Required work:
In the answer, transcribe exactly the lines from the beginning of the material through the line holding "Na zdjęciu widoczni", and skip every picture.
····················
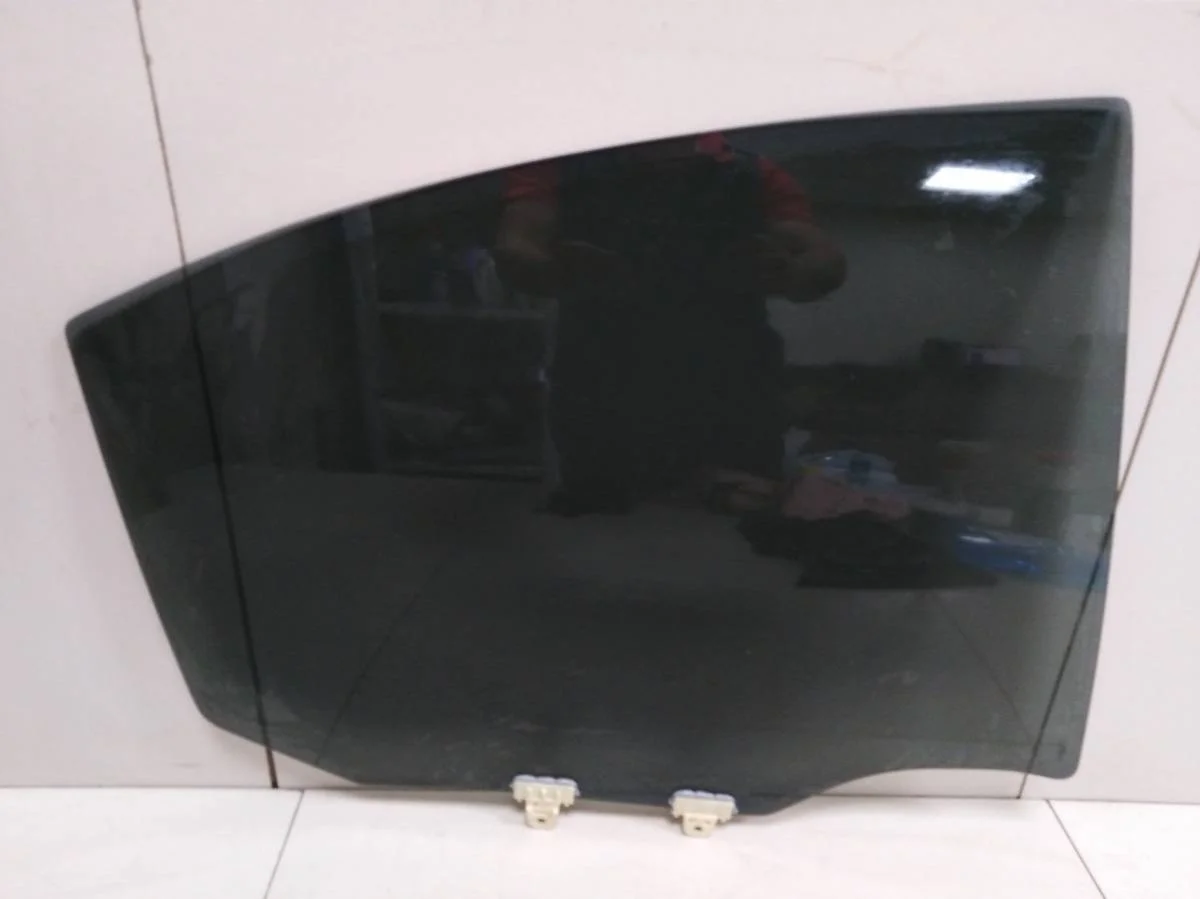 Стекло двери задней правой Nissan Primera P12 2002-2007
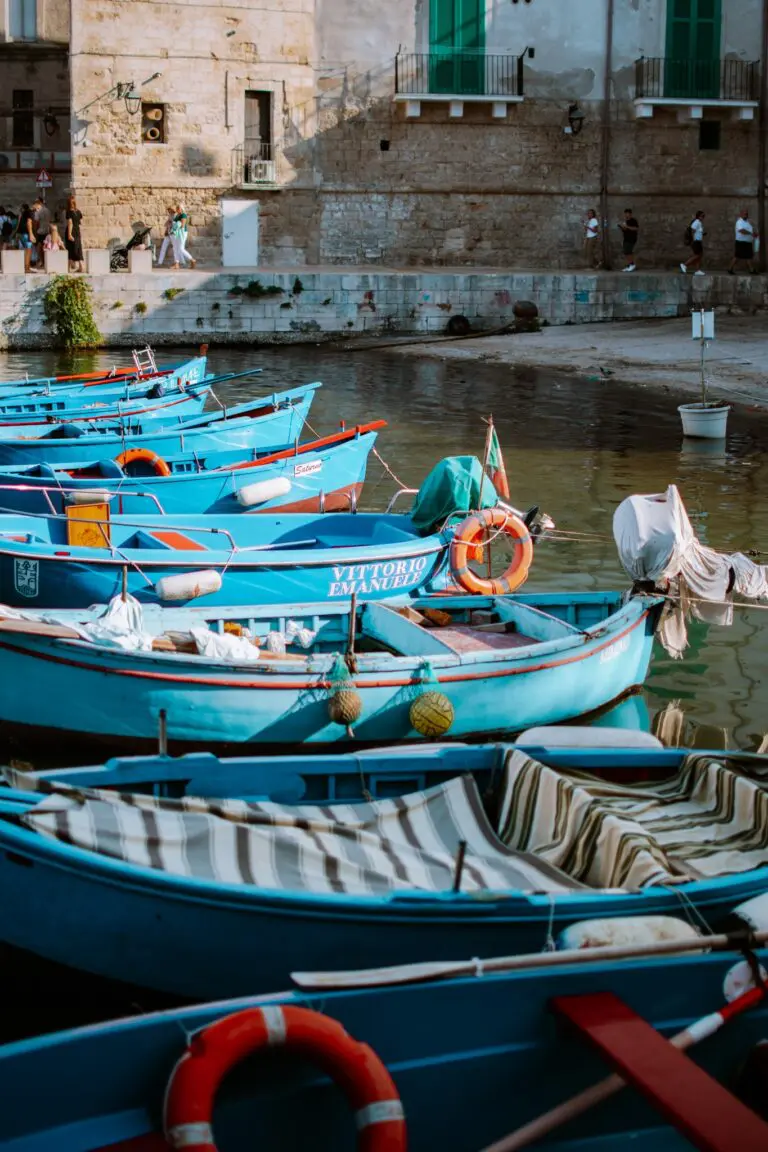 Blaue Fischerboote in einem Hafen in Apulien, Italien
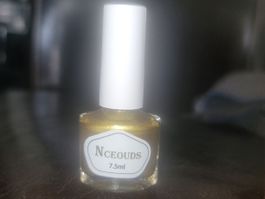 Nagellack Gold, Nceouds, Chromstyle, Metallique nailart, oro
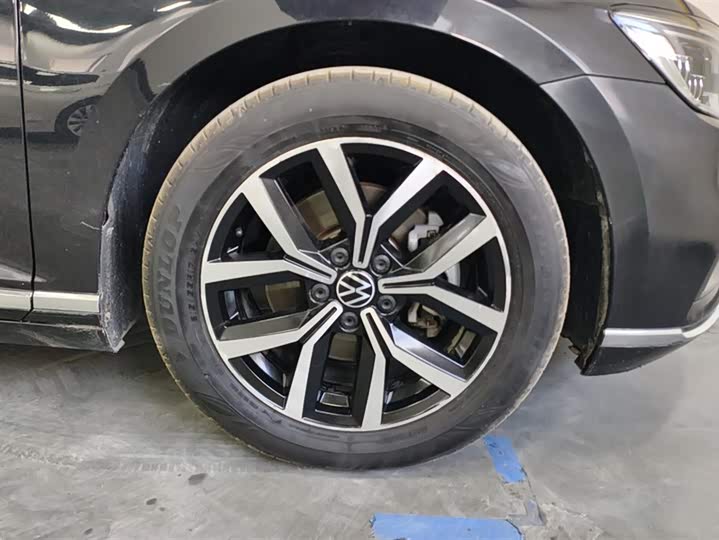 Фото 6 - Volkswagen Magotan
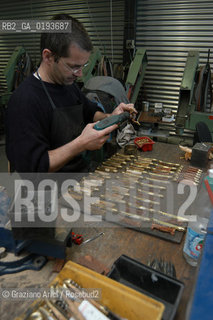 ( FRANCIA  )  MIDI-PYRENEES  ALTIPIANO DELLAUBRAC LAGUIOLE : COLTELLERIA FABBRICA DI COLTELLI  © 2003 Graziano Arici/Rosebud2 / GEO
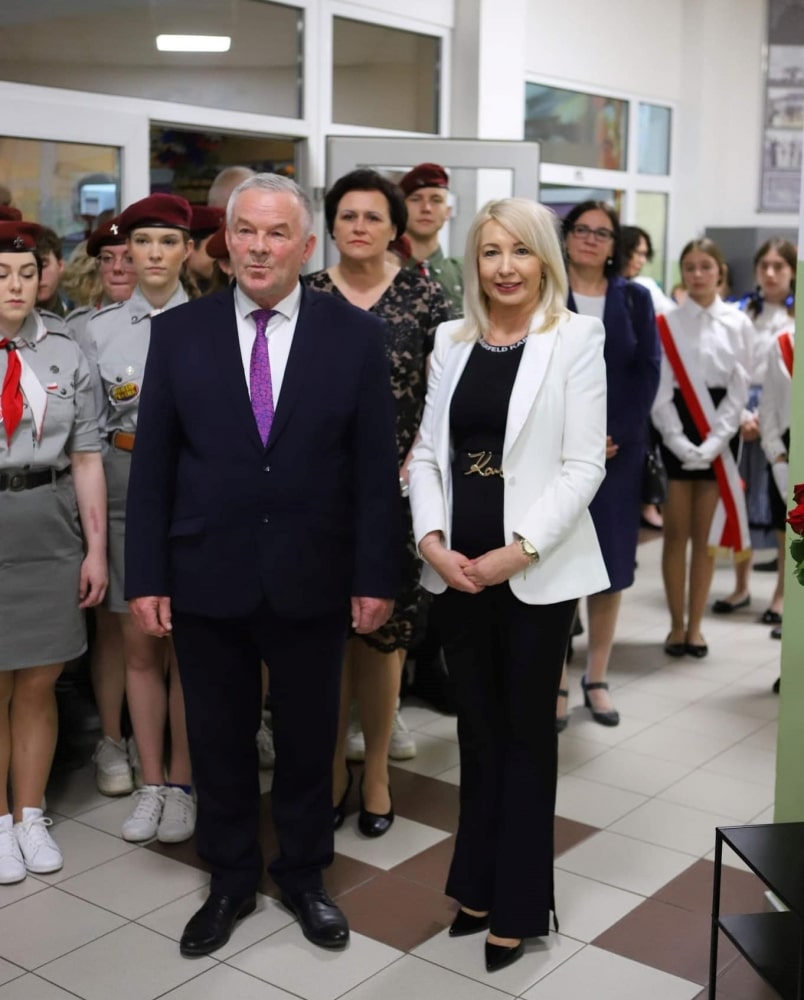 Na zdjęciu widoczni są zaproszeni goście oraz uczniowie w mundurkach, biorący udział w jubileuszu 100-lecia Zespołu Szkół im. Leokadii Bergerowej w Płocku.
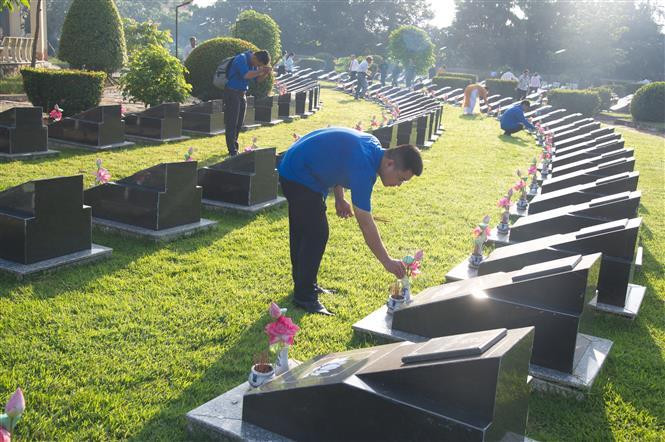 Can Gio youth union members visit Rung Sac Martyrs’ Cemetery to worship national heroes and soldiers who sacrificed their lives to protect the country (Photo: VNA)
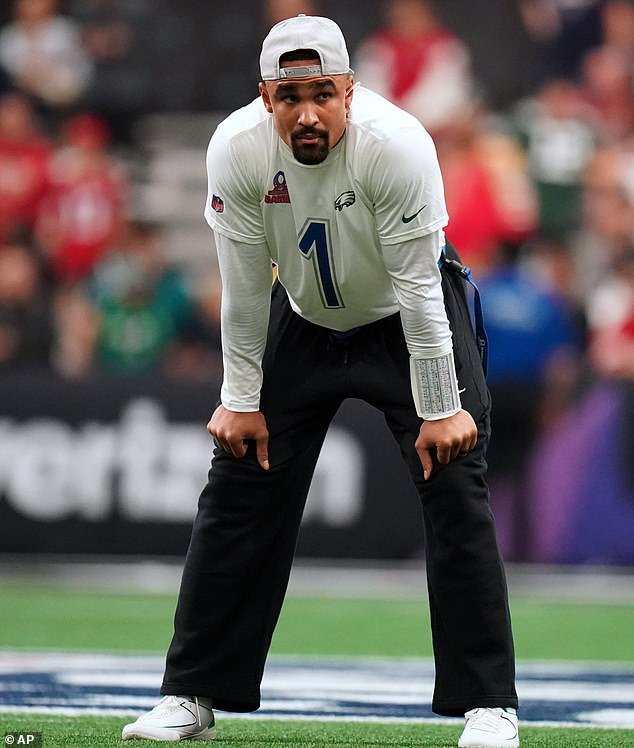 Jalen Hurts habla de cuando consideró dejar el fútbol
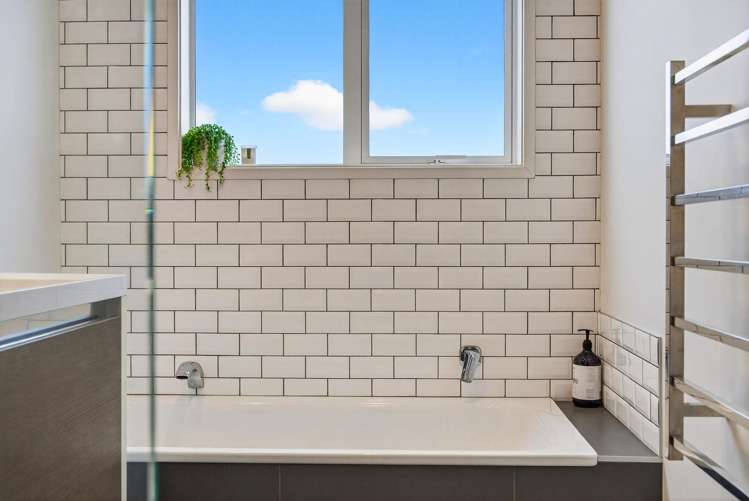 6 Sophia Place Karaka_44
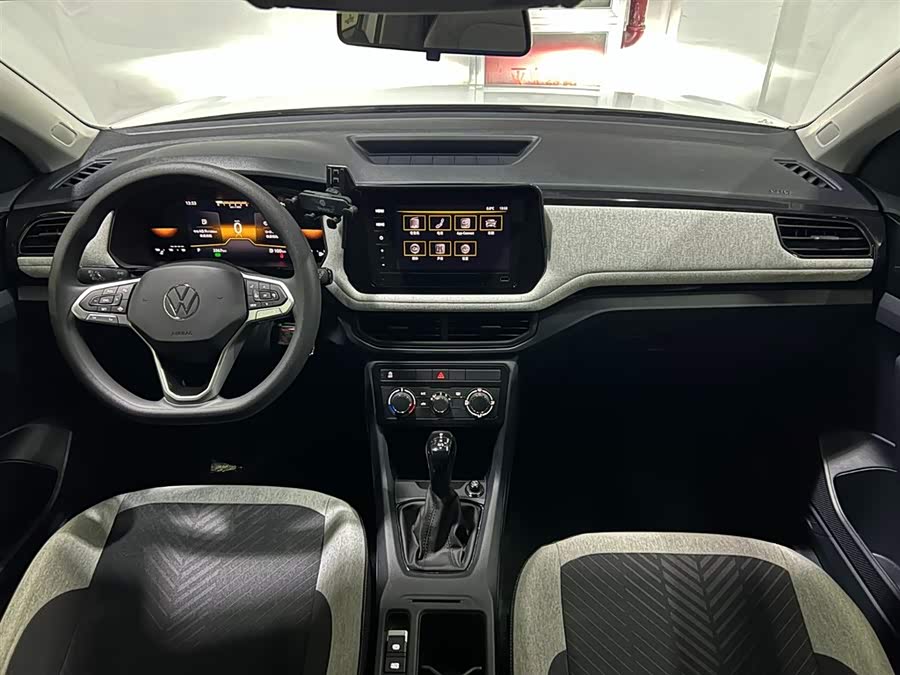Volkswagen Tharu 2025 car image #12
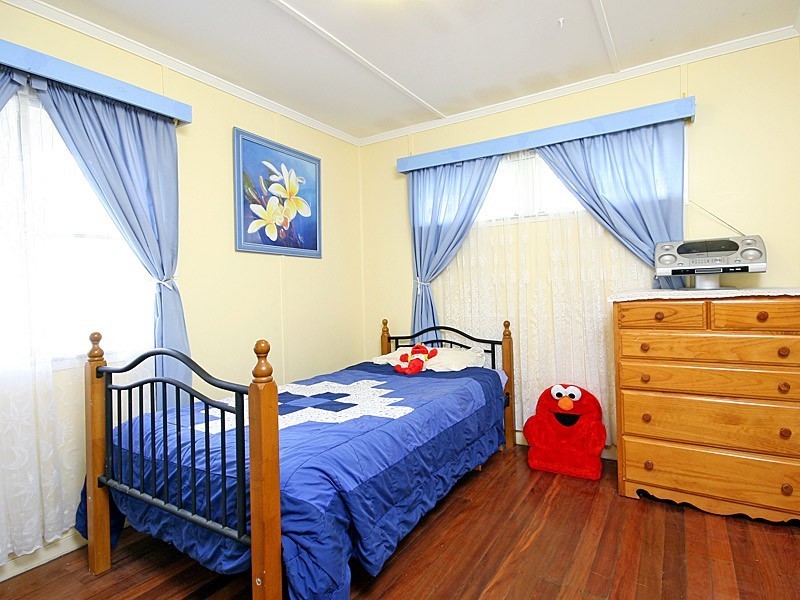 27 Glenmorgan Street, Keperra QLD 4054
····················
Exercise solution:
 Стекло двери задней правой Nissan Primera P12 2002-2007
 Blaue Fischerboote in einem Hafen in Apulien, Italien
 Nagellack Gold, Nceouds, Chromstyle, Metallique nailart, oro
 Фото 6 - Volkswagen Magotan
 ( FRANCIA  )  MIDI-PYRENEES  ALTIPIANO DELLAUBRAC LAGUIOLE : COLTELLERIA FABBRICA DI COLTELLI  © 2003 Graziano Arici/Rosebud2 / GEO
 Na zdjęciu widoczni są zaproszeni goście oraz uczniowie w mundurkach, biorący udział w jubileuszu 100-lecia Zespołu Szkół im. Leokadii Bergerowej w Płocku.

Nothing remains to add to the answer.